▸ **GIVEN MATERIAL**
□ □ □ □ □

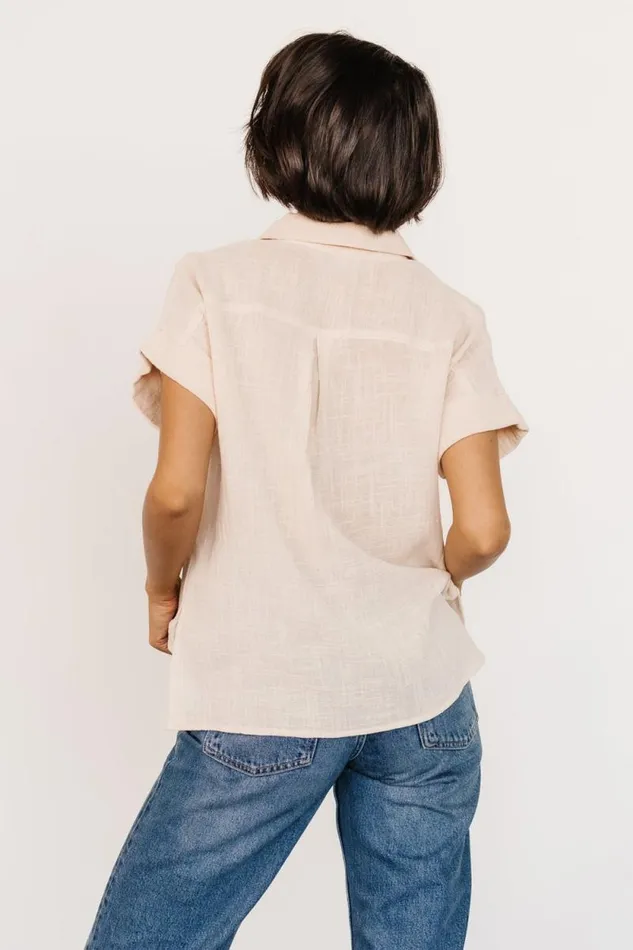 Women Hammond Short Sleeve Top Natural Baltic Born Blouses and Shirts Women Hammond Short Sleeve Top Natural Baltic Born Blouses and Shirts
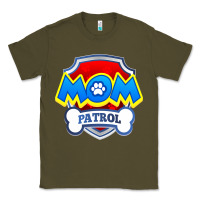 Army Green funny mom patrol  funny dog mom gift birthday party t shirt Classic Tee - artisFamous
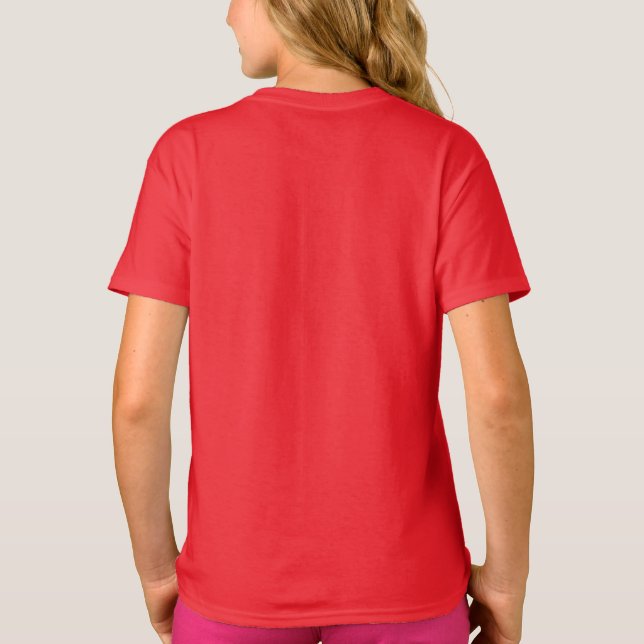 Wunderbares Ladybug-Abzeichen T-Shirt (Rückseite)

□ □ □ □ □

If a line holds a picture, skip the picture and transcribe the rest of the material exactly.

▸ **ANSWER TO THE PROBLEM**
 Women Hammond Short Sleeve Top Natural Baltic Born Blouses and Shirts Women Hammond Short Sleeve Top Natural Baltic Born Blouses and Shirts
 Army Green funny mom patrol  funny dog mom gift birthday party t shirt Classic Tee - artisFamous
 Wunderbares Ladybug-Abzeichen T-Shirt (Rückseite)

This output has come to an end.